Twice the Apostle Paul, writing to the community in Corinth, recalls this command of Jesus
in his account of the institution of the Eucharist. It is the oldest testimony we have to the words of Christ at the Last Supper.

“Do this”. That is, take bread, give thanks and break it; take the chalice, give thanks, and
share it. Jesus gives the command to repeat this action by which he instituted the memorial of his own Pasch, and in so doing gives us his Body and his Blood. This action reaches us today: it is the “doing” of the Eucharist which always has Jesus as its subject, but which is made real through our poor hands anointed by the Holy Spirit.
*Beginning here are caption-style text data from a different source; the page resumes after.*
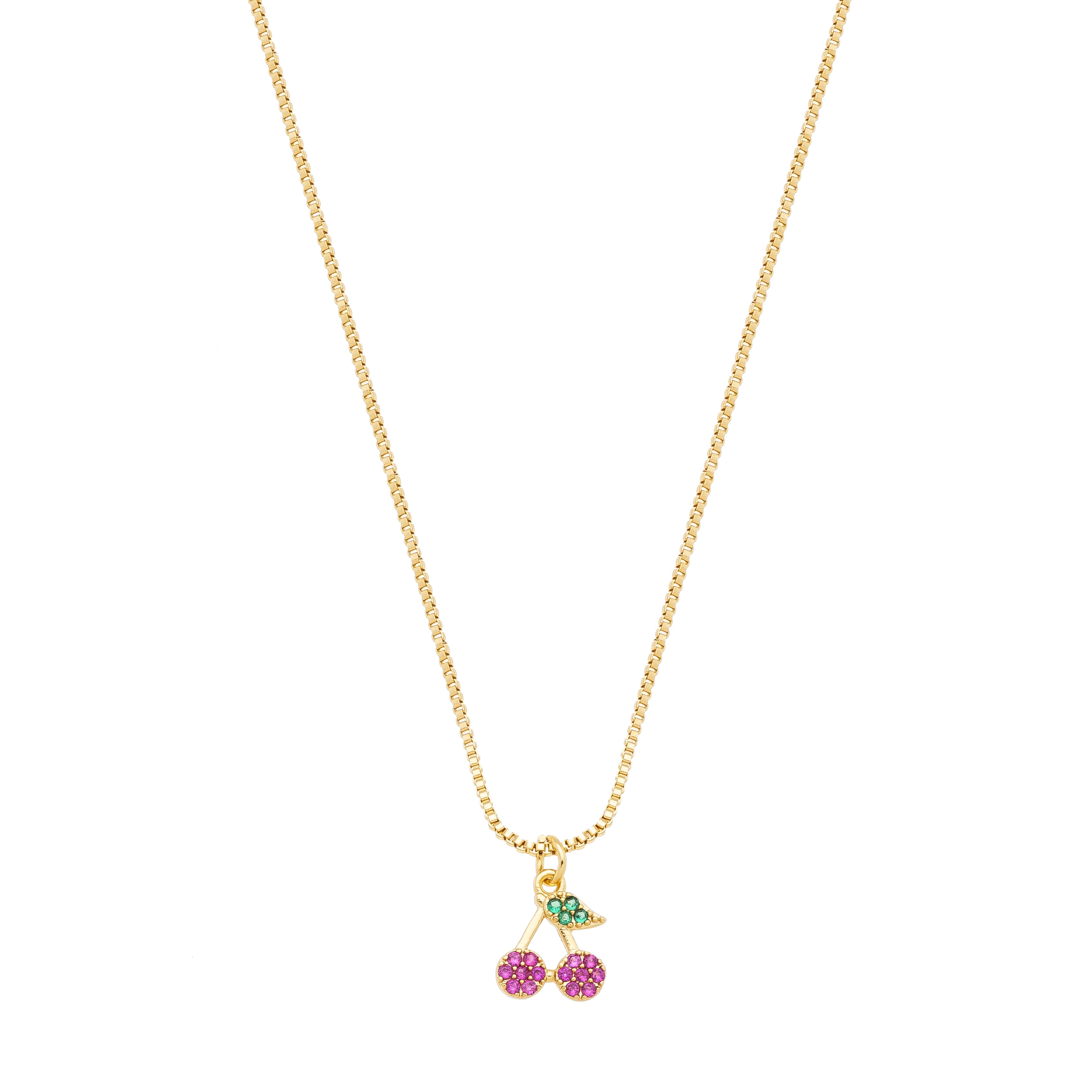 Children's Venetian necklace with a cherry pendant set with pink and green cubic zirconia, plated in hypoallergenic 18k gold.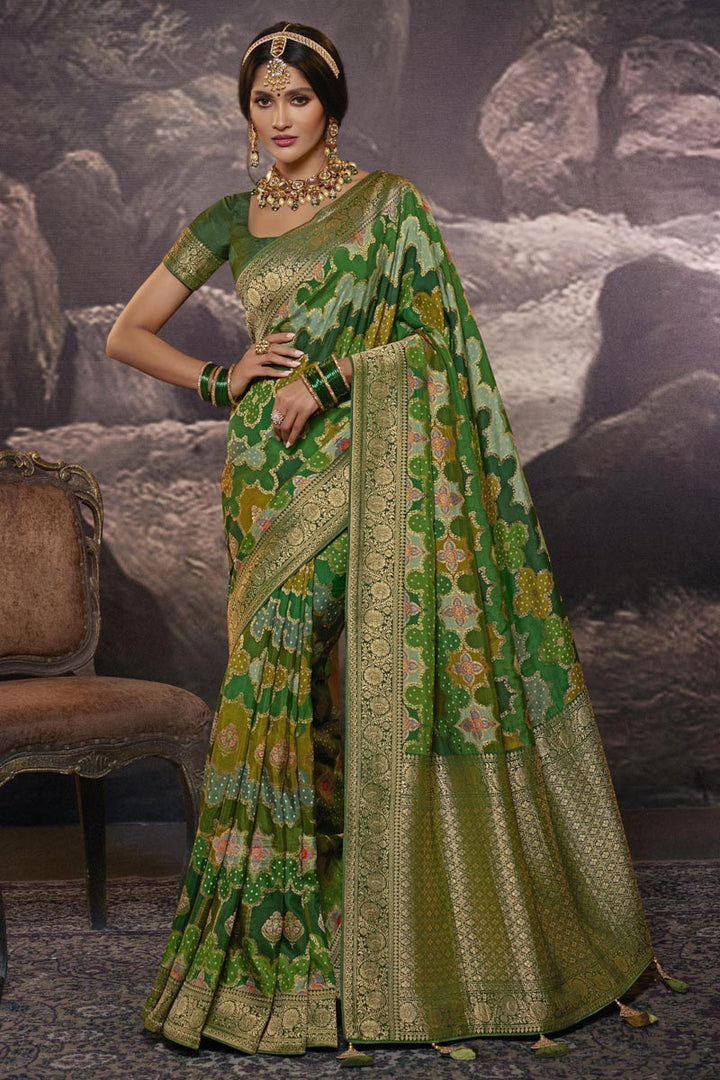 Marvelous Art Silk Fabric Weaving Work Saree In Green Color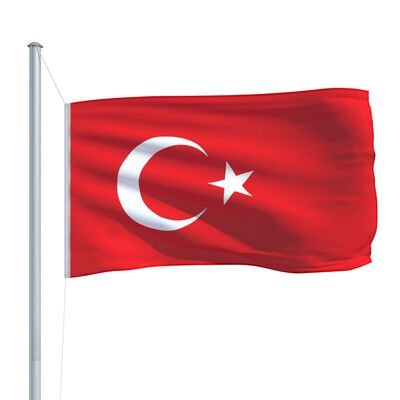 vidaXL Turcijas karogs, 90x150 cm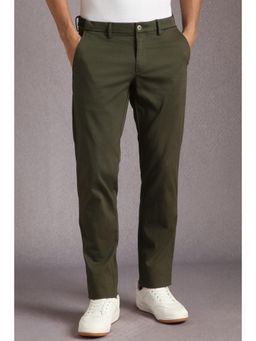 Louis Philippe - Men Green Textured Flat Front Casual Trousers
“Do this”. Jesus on a previous occasion asked his disciples to “do” what was so clear to
him, in obedience to the will of the Father. In the Gospel passage that we have just heard, Jesus
says to the disciples in front of the tired and hungry crowds: “Give them something to eat
yourselves” (Lk 9:13). Indeed, it is Jesus who blesses and breaks the loaves and provides sufficient food to satisfy the whole crowd, but it is the disciples who offer the five loaves and two fish. Jesus wanted it this way: that, instead of sending the crowd away, the disciples would put at his disposal what little they had. And there is another gesture: the pieces of bread, broken by the holy and venerable hands of Our Lord, pass into the poor hands of the disciples, who distribute these to the people. This too is the disciples “doing” with Jesus; with him they are able to “give them something to eat”. Clearly this miracle was not intended merely to satisfy hunger for a day, but rather it signals what Christ wants to accomplish for the salvation of all mankind, giving his own flesh and blood (cf. Jn 6:48-58). And yet this needs always to happen through those two small actions: offering the few loaves and fish which we have; receiving the bread broken by the hands of Jesus and giving it to all.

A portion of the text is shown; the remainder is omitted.